Eric Francisco of Esquire wrote, ""The Fly" is a busy episode, with incredible bits and pieces worth recognizing." Shawn Van Horn of Collider gave the episode a 9 out of 10 rating and wrote, "In the sixth episode of Alien: Earth, "The Fly", Wendy, the Lost Boys, and everyone else we've gotten to know return, but things aren't going so well. Before the end credits roll, two characters will be dead."

Sean T. Collins of The New York Times wrote, "After this fantastic episode, the best of the series since the premiere, these are questions worth asking. Neverland, the boy genius's island lair, is quickly falling into disorder despite its extensive security protocols. Saboteurs with motives noble and base are running amok. These monsters may or may not have been easy to box up the first time around, but something tells me this time's going to be trickier." Mary Kassel of Screen Rant wrote, "Alien: Earth might have taken episode 5 to give us context, but the series more than made up for this in "The Fly", moving the plot forward more than it has all season."

===Accolades===
TVLine named Samuel Blenkin as an honorable mention for the "Performer of the Week" for the week of September 13, 2025, for his performance in the episode.
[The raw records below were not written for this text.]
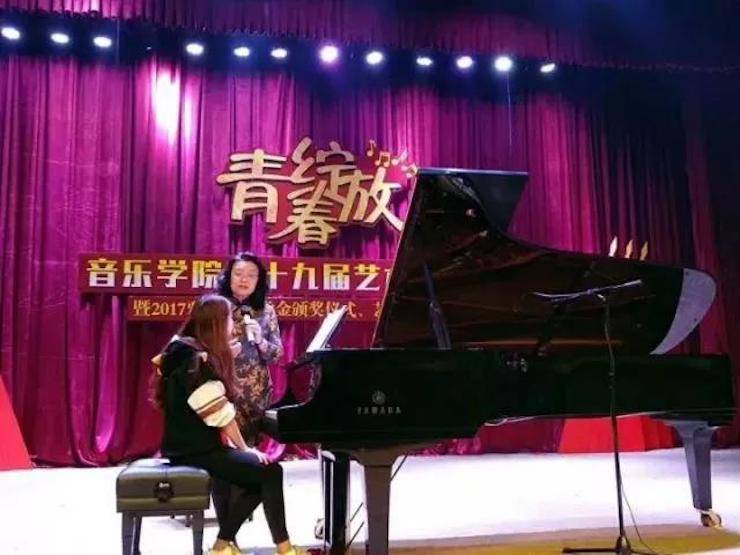 2017年FH至尊亚洲音乐奖学金内江师范学院颁奖仪式暨FH至尊艺术家张芳钢琴音乐会及大师班讲座成功举办！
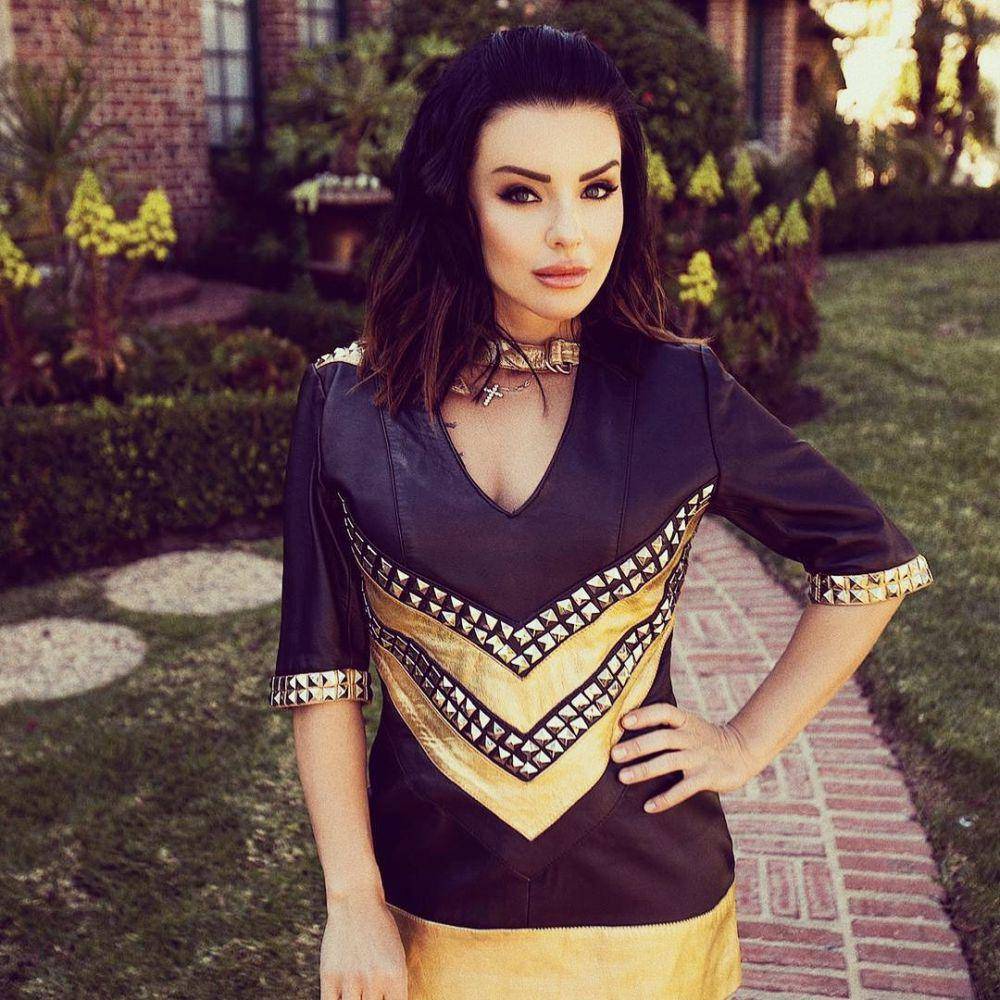 Julia Volkova (instagram.com/official_juliavolkova)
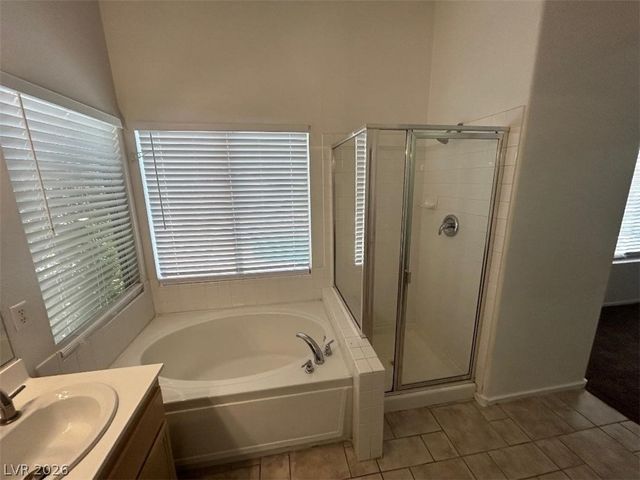 6138 CIRCLING HAWK Drive, North Las Vegas, NV 89031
The site wrote, "We love to hate Alien: Earths Samuel Blenkin as supremely obnoxious tech billionaire Boy Kavalier — the name is a hint about his maturity level — and Blenkin outdid himself this week as Boy Kavalier took delight in playing hardball with Weyland-Yutani over the alien specimens. Boy Kavalier glided into the arbitration meeting in bare feet and rudely put them up on the conference table, with Blenkin oozing metric tons of rock-star entitlement. But then Boy Kavalier rattled off a bunch of clever legal arguments, with Blenkin reminding us that there's a huge brain inside that swelled head of his. When Kavalier came out on top in the negotiations and walked out victorious, Blenkin flashed a mischievous grin, and we almost forgot how badly we've wanted to see him humbled. That's the ultimate feather in Blenkin's cap: We can't help but smile at his antics, even when we're rooting for a xenomorph to devour him."